Des exemples récents aux niveaux local, national et européen illustrent une stratégie de discrédit visant les associations qui conservent une parole politique critique, résumée par l'injonction :
"dès lors que les associations reçoivent de l'argent public, elles ont intérêt à se tenir sages".
Face à ce scénario d'affaiblissement, le webinaire explore en profondeur l'antidote principal : la coconstruction des politiques publiques.
Loin d'une simple consultation, la coconstruction est présentée dans sa définition la plus exigeante, impliquant un partage du pouvoir et des éléments de codécision.
Pour être efficace, elle doit s'appuyer sur une méthodologie rigoureuse, commençant par un diagnostic partagé et se poursuivant jusqu'à l'évaluation commune des actions.
Deux modèles d'action concrets sont examinés :
1. Les schémas d'orientation (Solima) du secteur culturel, qui offrent un retour d'expérience de près de vingt ans sur des processus de concertation structurés.
Bien qu'ils aient prouvé leur efficacité pour améliorer l'interconnaissance et la coopération, ils révèlent des limites quant à leur capacité à faire évoluer durablement les politiques publiques et à surmonter la culture du "qui paie, décide".
2. La démocratie d'interpellation, qui apparaît comme un prérequis essentiel.
Ce concept vise à doter les citoyens, et notamment les plus marginalisés, des outils (pétitions à seuils, fonds de soutien) leur permettant d'inscrire leurs préoccupations à l'agenda politique, créant ainsi les conditions initiales d'une future coconstruction.
En conclusion, si la coconstruction représente une voie prometteuse pour renforcer la vitalité démocratique et l'autonomie du monde associatif, sa mise en œuvre reste un défi majeur.

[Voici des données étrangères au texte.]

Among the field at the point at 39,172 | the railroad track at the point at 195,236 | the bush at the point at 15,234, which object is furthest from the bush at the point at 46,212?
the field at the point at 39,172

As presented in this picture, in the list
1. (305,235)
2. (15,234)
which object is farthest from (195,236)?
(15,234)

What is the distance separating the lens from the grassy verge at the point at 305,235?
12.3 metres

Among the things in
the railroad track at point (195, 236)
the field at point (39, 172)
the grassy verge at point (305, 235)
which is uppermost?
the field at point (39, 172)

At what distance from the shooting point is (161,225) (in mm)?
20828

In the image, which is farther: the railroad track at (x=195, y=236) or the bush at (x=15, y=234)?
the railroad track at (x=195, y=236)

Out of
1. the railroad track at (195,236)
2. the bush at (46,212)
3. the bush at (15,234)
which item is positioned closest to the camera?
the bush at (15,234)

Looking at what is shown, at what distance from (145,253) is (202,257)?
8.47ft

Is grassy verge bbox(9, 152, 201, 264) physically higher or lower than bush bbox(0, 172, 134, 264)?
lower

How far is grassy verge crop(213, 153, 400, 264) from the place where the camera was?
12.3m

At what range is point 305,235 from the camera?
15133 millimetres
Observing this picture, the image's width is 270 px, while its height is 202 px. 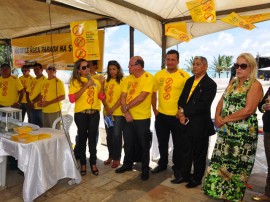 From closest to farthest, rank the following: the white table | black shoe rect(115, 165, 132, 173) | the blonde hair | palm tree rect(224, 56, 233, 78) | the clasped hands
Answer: the blonde hair → the white table → the clasped hands → black shoe rect(115, 165, 132, 173) → palm tree rect(224, 56, 233, 78)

Elle se heurte à un contexte politique et économique défavorable et nécessite de surmonter des obstacles culturels profonds pour passer d'une logique de prestation de service à un partenariat authentique fondé sur le partage du pouvoir.

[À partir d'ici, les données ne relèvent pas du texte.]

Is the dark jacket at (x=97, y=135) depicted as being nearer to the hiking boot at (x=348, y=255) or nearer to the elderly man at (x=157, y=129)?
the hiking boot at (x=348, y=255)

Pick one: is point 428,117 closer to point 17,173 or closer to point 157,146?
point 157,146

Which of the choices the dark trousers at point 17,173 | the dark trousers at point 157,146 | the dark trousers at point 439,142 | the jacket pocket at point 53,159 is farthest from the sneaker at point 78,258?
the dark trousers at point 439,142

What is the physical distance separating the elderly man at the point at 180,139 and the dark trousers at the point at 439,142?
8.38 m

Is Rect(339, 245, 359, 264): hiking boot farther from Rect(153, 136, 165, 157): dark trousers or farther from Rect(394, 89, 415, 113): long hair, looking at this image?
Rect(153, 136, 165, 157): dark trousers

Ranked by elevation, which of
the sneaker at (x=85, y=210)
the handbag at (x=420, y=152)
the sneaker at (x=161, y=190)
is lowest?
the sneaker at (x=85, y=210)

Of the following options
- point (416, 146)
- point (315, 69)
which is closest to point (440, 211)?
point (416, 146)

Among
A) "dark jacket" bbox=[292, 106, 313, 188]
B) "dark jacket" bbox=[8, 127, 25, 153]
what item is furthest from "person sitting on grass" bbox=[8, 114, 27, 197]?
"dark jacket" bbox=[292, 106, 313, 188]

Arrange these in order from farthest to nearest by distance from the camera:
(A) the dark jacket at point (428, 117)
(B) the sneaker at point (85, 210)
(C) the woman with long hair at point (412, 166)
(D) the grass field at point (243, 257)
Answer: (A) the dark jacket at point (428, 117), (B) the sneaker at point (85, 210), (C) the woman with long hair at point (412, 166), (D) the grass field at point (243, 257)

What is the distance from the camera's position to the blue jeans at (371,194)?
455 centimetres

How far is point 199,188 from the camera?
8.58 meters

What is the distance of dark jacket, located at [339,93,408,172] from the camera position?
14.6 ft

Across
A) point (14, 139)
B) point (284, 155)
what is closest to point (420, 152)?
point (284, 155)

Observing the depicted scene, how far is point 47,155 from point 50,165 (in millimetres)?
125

1. Le Scénario de l'Affaiblissement : L'Instrumentalisation comme Menace Centrale
Le webinaire identifie l'instrumentalisation comme une composante clé d'un "scénario d'affaiblissement" qui pèse sur le monde associatif.
Ce processus vise à réduire les associations à un rôle d'exécutantes des politiques publiques, les privant de leur capacité d'initiative, de critique et de participation à la vie de la cité.
Définition et Manifestations
L'instrumentalisation est un processus par lequel les pouvoirs publics tendent à considérer les associations non plus comme des partenaires autonomes porteurs de projets d'intérêt général, mais comme de simples prestataires de services.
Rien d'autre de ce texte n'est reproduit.